Yang saya takutkan adalah ketika kita hidup dalam kondisi dimana banyak keberagaman,lalu mereka terlalu fokus terhadap persamaan yang ada dari hal keberagaman tersebut.Hal ini membuat perbedaan sendiri menjadi tabu dikarenakan takut menyinggung perasaan antar 1 dengan yang lain.Apakah ini yang dinamakan Bhinneka Tung*al Ika?

Apakah hal seperti ini sudah menjadi Budaya di Negeri kita?Ya!kita memang hidup secara berdampingan.Tapi yang kita lihat selalu dari sisi “Persamaan” dan bersikap acuh tak acuh mengenai “perbedaan”. Apakah generasi kita setakut itu dengan yang namanya perbedaan? 

Perbedaan menjadi hal yang sangat tabu untuk dibicarakan di kalangan kita yang tinggal dalam keberagaman ini?Mengapa hal ini terjadi?Apakah slogan “berbeda-beda tapi tetap 1” hanya ada di mulut saja?

Begini saja anggap saja perbedaan yang tengah terjadi di lingkungan kita adalah warna,anggap saja Hijau dan Kuning.Kedua warna ini bila disatukan akan menjadi warna biru?Kembali lagi ke pertanyaan awal “Apakah biru merupakan warna kuning / biru?” Bukan!tapi biru merupakan gabungan dari warna kuning dan hijau.Jangan sekali-kali menggabung-gabungkan sebuah perbedaan menjadi persamaan!

Yang harus kita lakukan adalah diskusi antar perbedaan tersebut agar kita saling mengerti.Jangan menjadikan “persamaan” menjadi tameng bagi kita yang takut akan perbedaan!

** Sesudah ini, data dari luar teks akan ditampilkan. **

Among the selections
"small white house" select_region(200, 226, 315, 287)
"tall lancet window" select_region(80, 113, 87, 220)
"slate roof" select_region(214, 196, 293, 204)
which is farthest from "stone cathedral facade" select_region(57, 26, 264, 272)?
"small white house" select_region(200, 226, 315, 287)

Kritis atau Krisis Identitas?

Kita hidup di lingkungan yang sedang mengalami perkembangan.Perkembangan yang ditunjukan dengan aksi,  tentu ber-awal hanya dari sebuah ide.Sehingga “berpikir kritis” sudah sangat diperlukan untuk mengantisipasi banyaknya kesalahan dalam sebuah sistem/proyek. Yang saya lihat dari institut-institut pendidikan di zaman sekarang sedang marak-maraknya menekankan “berpikir kritis” kepada pelajar-pelajarnya.Yang ingin saya sorot disini adalah penerapan ilmu kritis di dunia pendidikan.Di dunia pendidikan sekarang,sedang trendnya diterapkan pemikiran kritis .

Memang perlu kita mempunyai pemikiran kritis , namun ironisnya banyak dari kita melahap mentah-mentah ilmu itu!
Menurut saya kritis itu rasa ingin tahu yang besar, berusaha mencari celah/kekurangan dari suatu pernyataan ,lalu tidak mudah mengikuti sesuatu tanpa adanya kepastian.Namun banyak dari kita menerapkan ilmu kritis yang di doktrin-kan oleh para pendidik secara mentah-mentah!

Banyak dari kita mem-praktekkan pemikiran kritis hanya untuk menjatuhkan orang lain, biar terlihat pintar oleh orang lain.Padahal nyatanya kita sendiri hanya meng-kritisi sesuatu untuk menunjang popularitas/kebanggaan diri sendiri.APAKAH itu yang dinamakan PEMIKIRAN KRITIS?

Ya!Saya setuju bila kita meng-kritisi sesuatu apabila kita tidak setuju dengan sebuah pernyataan yang non-sense dan memang salah.Tapi apabila pernyataan itu betul menurut kita dan dapat dibenarkan apakah harus di kritisi?dan apabila kita setuju dengan pernyataan tsb dan kita tetap meng-kritisi hal tersebut dan terkesan menjatuhkan orang lain hanya untuk terlihat bahwa kita pintar dan kritis?sekarang kembali lagi ke pernyataan saya ANDA ini KRITIS/KRISIS IDENTITAS? Apakah pengertian kritis hanya sekedar untuk menjatuhkan seseorang?Anda sedang kritis atau berdebat?

Sekarang kembali lagi,ketika kita didoktrin untuk berpikir kritis namun kita sendiri belum mengerti betul arti dari berpikir kritis,lalu kita menerapkan ilmu “berpikir kritis” secara asal-asalan tanpa mengetahui arti nya yang betul.Apakah kita masih bisa di sebut pemikir yang kritis?

Saya menulis ini dikarenakan saya sering sekali melihat seseorang yang meng-kritisi orang lain dan yang terjadi bukan komunikasi 2 arah melainkan 1 pihak memaksakan pemikirannya ke orang lain dan cenderung mengarah ke debat.Apakah itu kritis?Kritis itu tidak sama dengan pengertian debat maupun diskusi.

Yang sangat dipertanyakan adalah apakah ketika para pendidik mengajarkan kita untuk berpikir kritis,apakah mereka sendiri paham betul arti berpikir kritis?